I suspect my frustrations and bad mood are two fold. I keep myself too busy. I need to lighten the load on my calendar. Sometimes I jokingly say that I’ll sleep when I’m dead. But, I often do pass out doing something. Also, I’ve been dealing with the withdrawal from not having testosterone blockers. They are in the mail and quite honestly, can not get here soon enough. I’m still on estrogen. But, their not as effective without the blockers. I would love to get an orchiectomy. And might do that in the next year. But, until then, I’ll have to deal with the hell that is spironolactone.

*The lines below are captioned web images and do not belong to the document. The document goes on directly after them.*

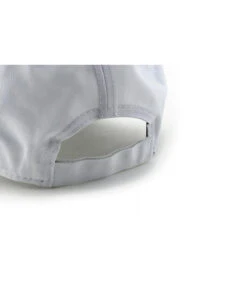 NEW ERA Casquette Basic White Black -New Era casquette basic white blackNew20Era20Casquette20Basic20white20black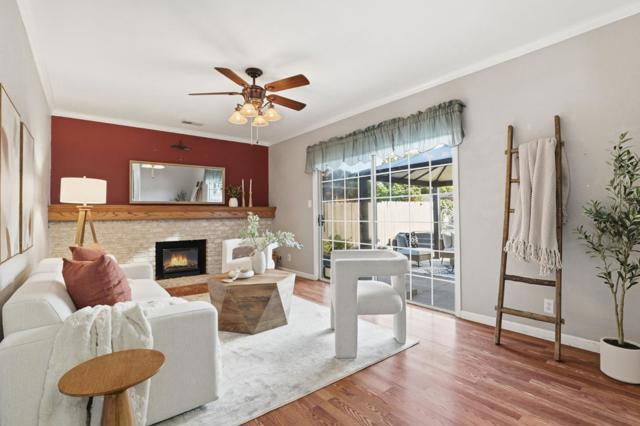 5870 Cabral Avenue, San Jose CA: https://media.crmls.org/mediaz/59c3048f-176a-4911-9acb-e92570a22928.jpg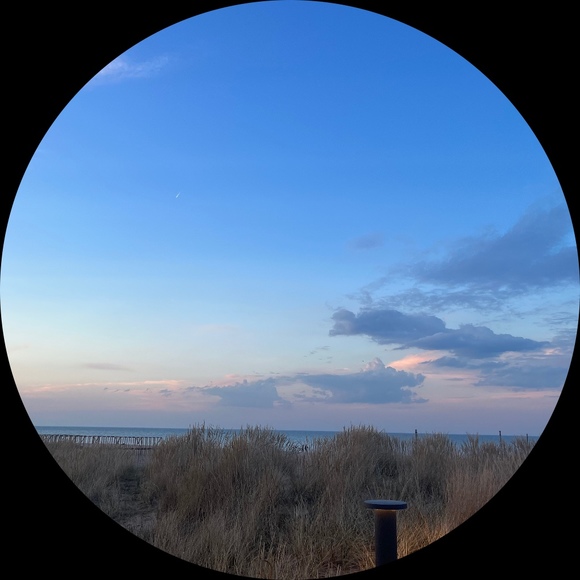 Profile Picture of A Ninis (@atcptsport) on Poshmark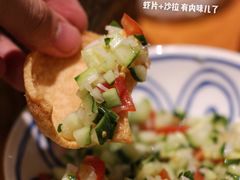 -saigon saigon | 西贡西贡(滨北店)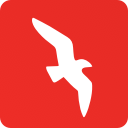 Air Arabia G9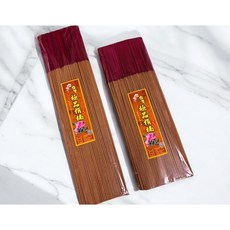 【點好香】台灣頂級梢楠 木質精油濃郁 香氣四溢-頂級雕刻餘料, 1個, 1.6尺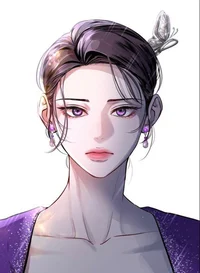 Kwan Chodae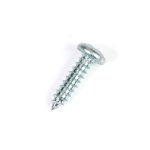 SCREW, PROTEAM SER PN OR TY AB N10X3 Part Number: 820563-4 for Proteam — part 3 thumbnail
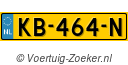 KB464N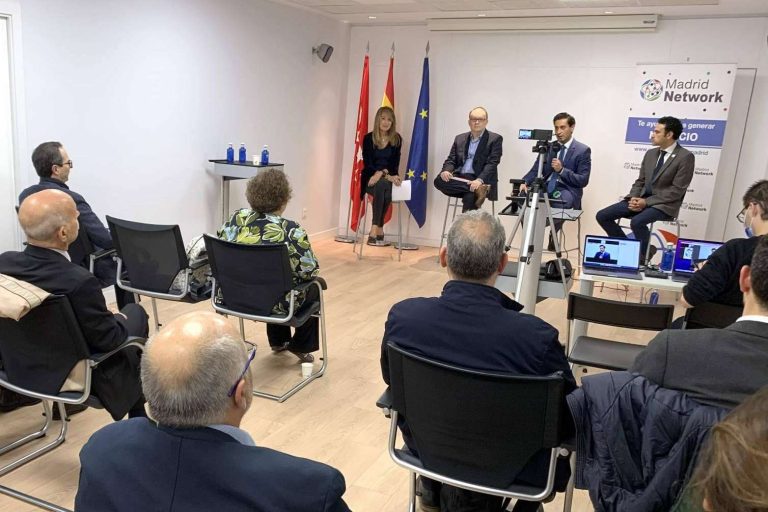 Aspectos claves para la rehabilitación sostenible de hoteles, por Leapman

So, I headed up to Westminster day before yesterday on the express bus. And rode the short distance from the park and ride to their house. When I turned the corner and saw that my grandparents were there, I smiled. It had been almost a month since I had seen them. We had a very pleasant visit. It was nice catching up with them. And dinner was great. I’ll never turn down a home cooked meal. Even if it has mushrooms in it.
I ended up staying up later than my parents and catching up with the twitter, Facebook and google reader feeds. I then was slept in the next day, had a much needed conversation with my mom and a great lunch with a friend and her two kids. We went to a Chinese restaurant I’ve never been too. Which was fun. She even gave me a little present of chocolates from a friends business she visited on a recent trip. On my way out of the parking lot (I borrowed my mom’s car), I turned on the radio, which was tuned to a station my mom was listening too. I started laughing when I recognized the song shouting at me through the speakers. It was Diana Ross’ I’m Coming Out.
By the time I got back to my neighborhood and arrived at work, I felt rested and refreshed.
I really needed that little vacation. Now, I’m ready to take on the world once again. Even more so than you might imagine.